Can GPT models Follow Human Summarization Guidelines? A Study for Targeted Communication Goals
This addresses the problem of evaluating AI summarization for targeted communication goals, but it is incremental as it focuses on applying existing models to specific datasets.
This study investigated whether GPT models can generate dialogue summaries that follow human guidelines, finding that human evaluators preferred GPT-generated summaries over those from task-specific models and references, despite occasional longer outputs and structural differences.

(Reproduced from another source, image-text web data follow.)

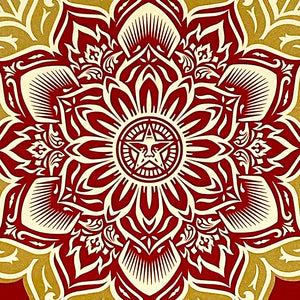 SHEPARD FAIREY 'Holiday Mandala Gift' (2013) Rare Screen Print - Signari Gallery 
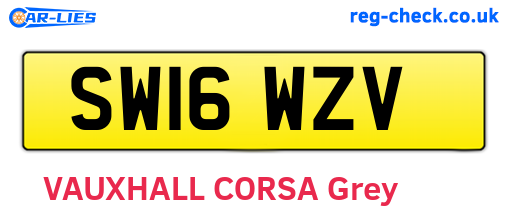 SW16WZV are the vehicle registration plates.
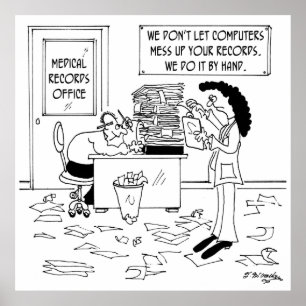 Hospital Cartoon 7117 Poster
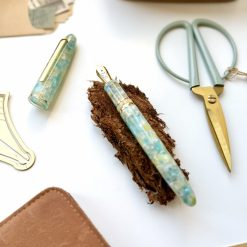 Esterbrook Estie Sea Glass Fountain Pen with Gold Trim — gallery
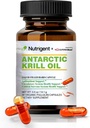 Olejek kryla antarktycznego 350 mg, Kapsułki organiczne wypełniane płynem, Omega-3 EPA, DHA, Astaksantyna i suplement fosfolipidów, Serce wsparcia, Mózg & Joint Health, No Fishy Aftersmast, 30 Count
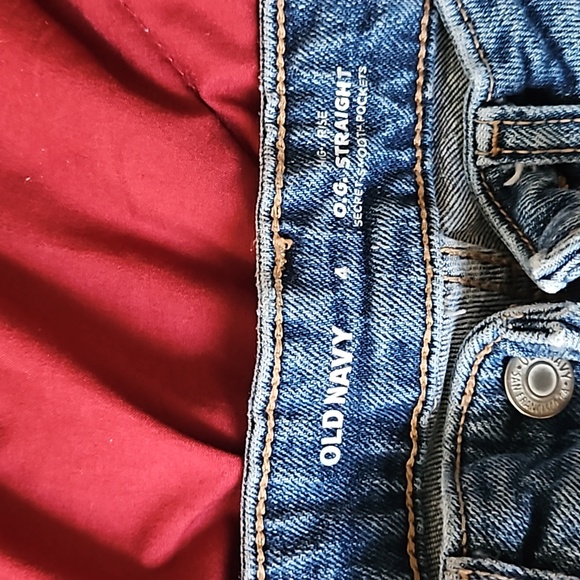 🔴 Women's old navy ripped high rise straight pants size 4 - Picture 2 of 7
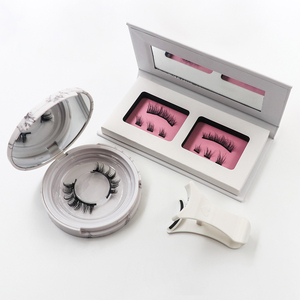 Boîte personnalisée de marque privée facile à appliquer <span class=keywords><strong>faux</strong></span> <span class=keywords><strong>cils</strong></span> en fibre végétale 3D en gros <span class=keywords><strong>cils</strong></span> magnétiques quantiques sans colle sans eye-liner - Product Image 2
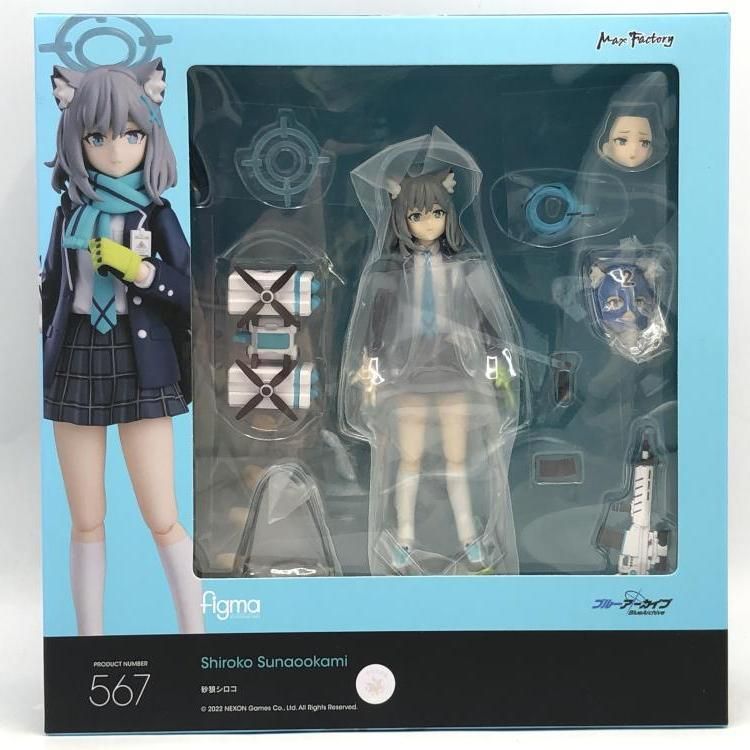 中古】未開封・特典付)figma 砂狼シロコ 「ブルーアーカイブ -Blue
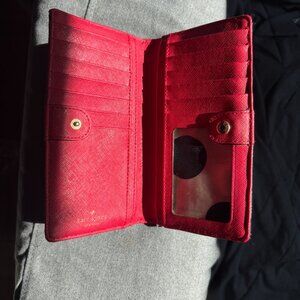 Kate Spade Red Leather Wallet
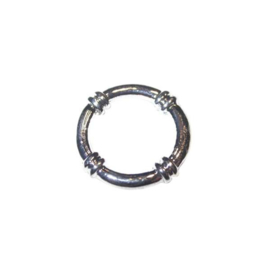 Metalen kraal, ring 24 mm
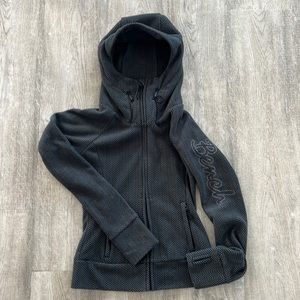 Bench XS hoodie zip up with thumb holes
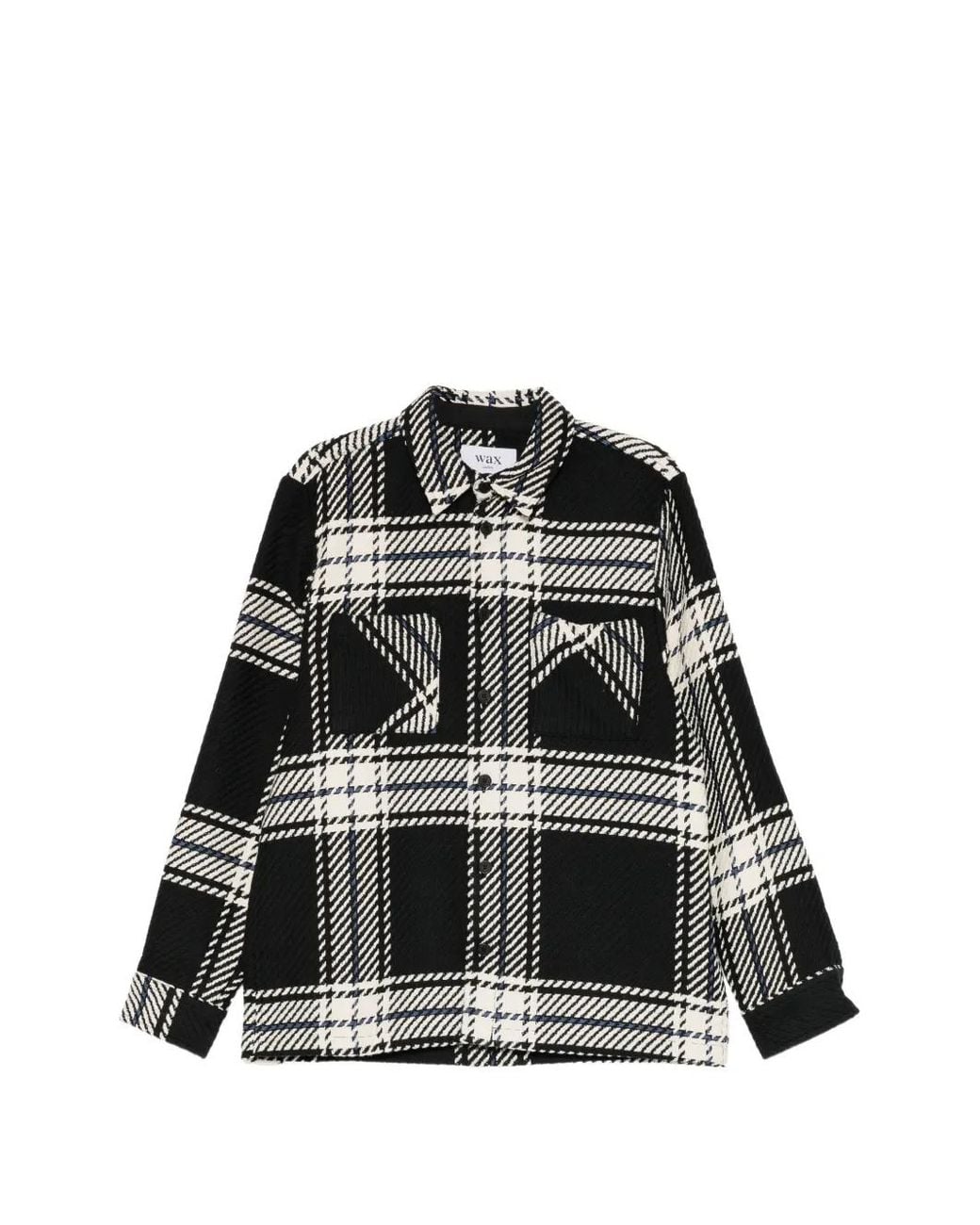 Wax London Black Whiting Overshirt for men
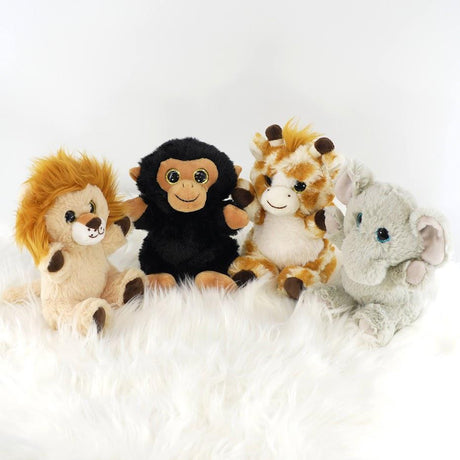 Set of 4 Wild Animal Toys by The Magic Toy Shop - UKBuyZone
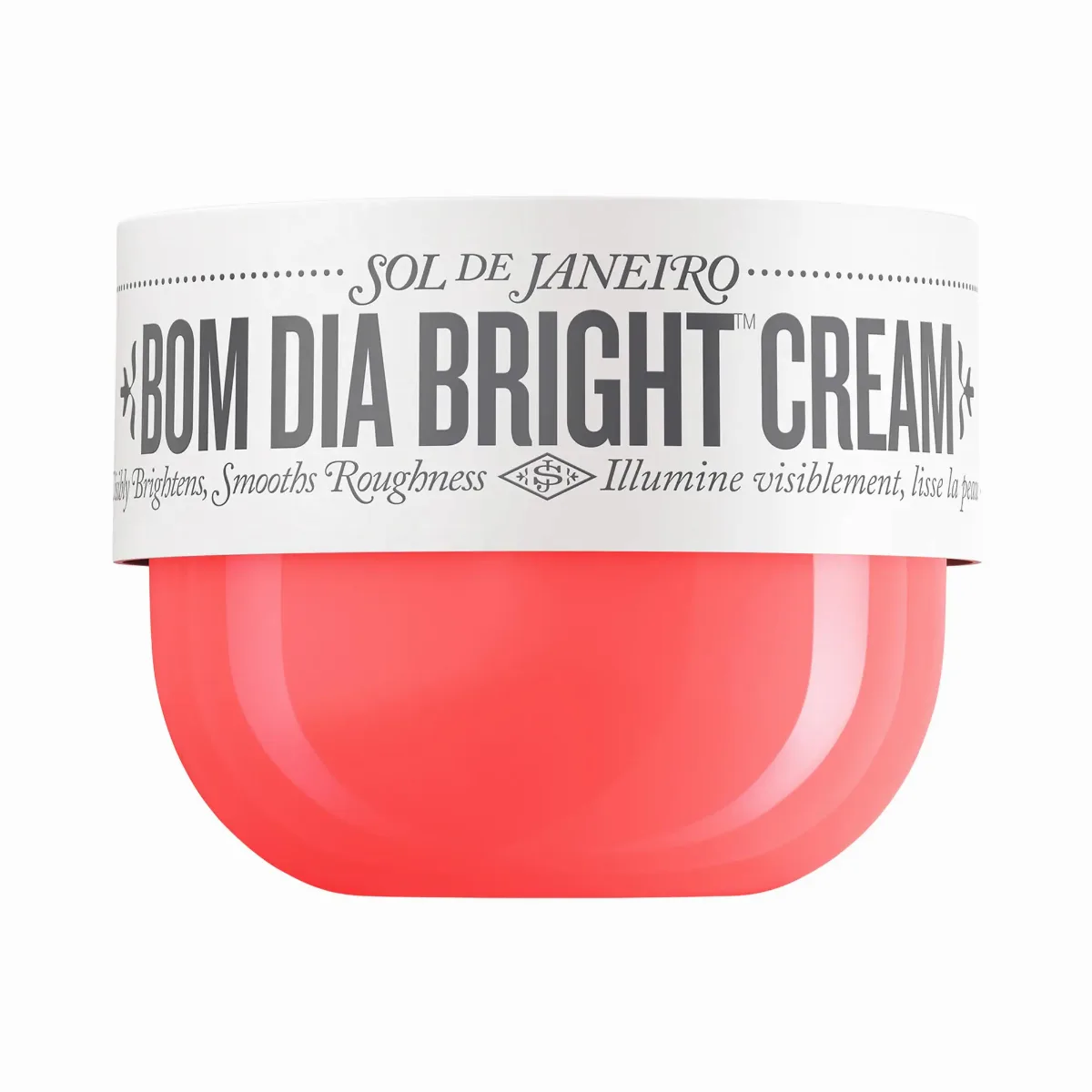 Bom Dia Bright Visibly Brightening and Smoothing Body Cream with Vitamin C 8 oz / 240 Ml by Sol de Janeiro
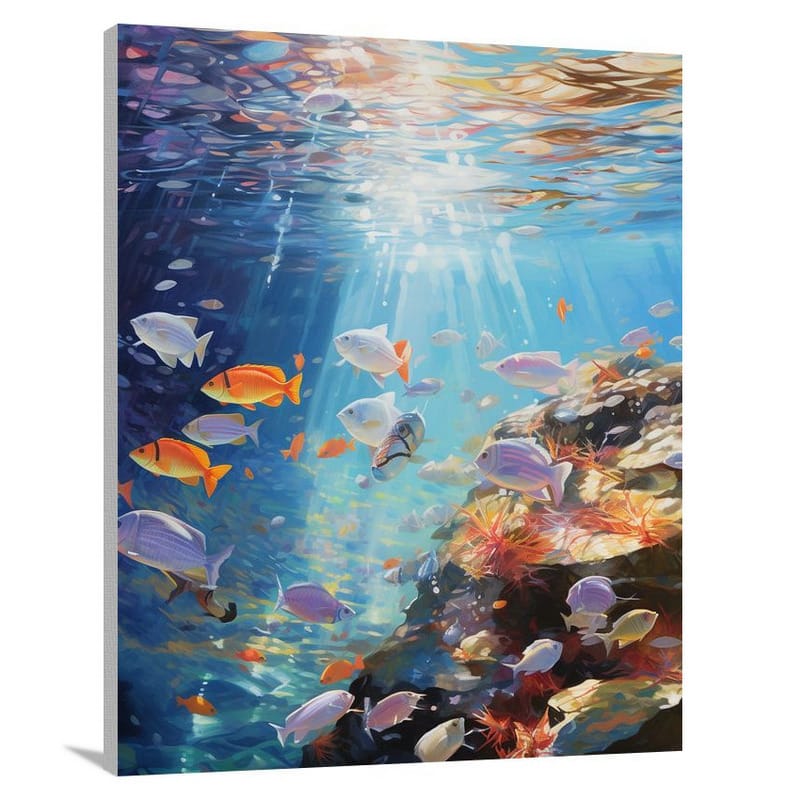 Fish Symphony - Canvas Print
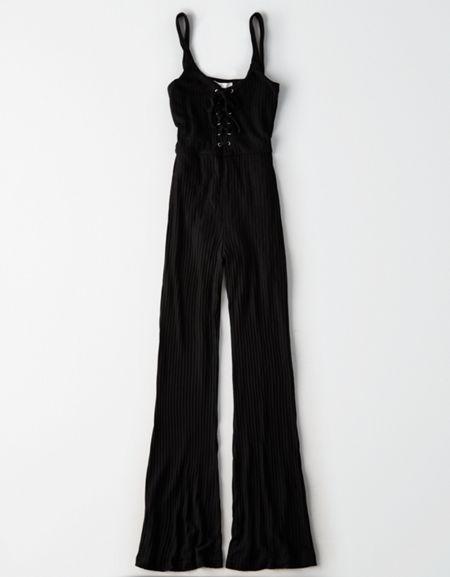 American Eagle Outfitters Don't Ask Why Lace Up Jumpsuit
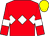 Red, white triple diamond and armlets, yellow cap (Mr Joseph O'brien)
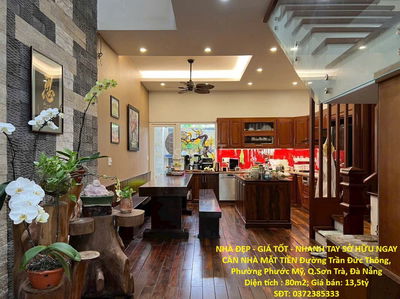 SỞ HỮU NGAY CĂN NHÀ MẶT TIỀN Đường Trần Đức Thông, Sơn Trà, Đà Nẵng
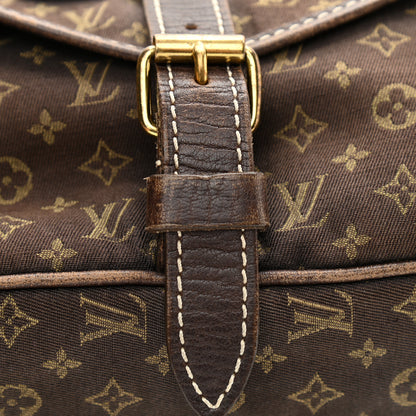 Louis Vuitton Monogram Mini Lin Saumur Ebene 11 of 18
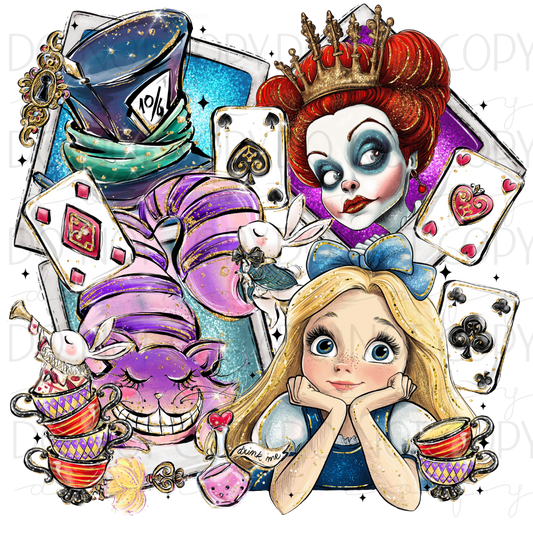 DTF TRANSFER|WONDERLAND| 13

This study investigates the ability of GPT models (ChatGPT, GPT-4 and GPT-4o) to generate dialogue summaries that adhere to human guidelines. Our evaluation involved experimenting with various prompts to guide the models in complying with guidelines on two datasets: DialogSum (English social conversations) and DECODA (French call center interactions). Human evaluation, based on summarization guidelines, served as the primary assessment method, complemented by extensive quantitative and qualitative analyses. Our findings reveal a preference for GPT-generated summaries over those from task-specific pre-trained models and reference summaries, highlighting GPT models' ability to follow human guidelines despite occasionally producing longer outputs and exhibiting divergent lexical and structural alignment with references. The discrepancy between ROUGE, BERTScore, and human evaluation underscores the need for more reliable automatic evaluation metrics.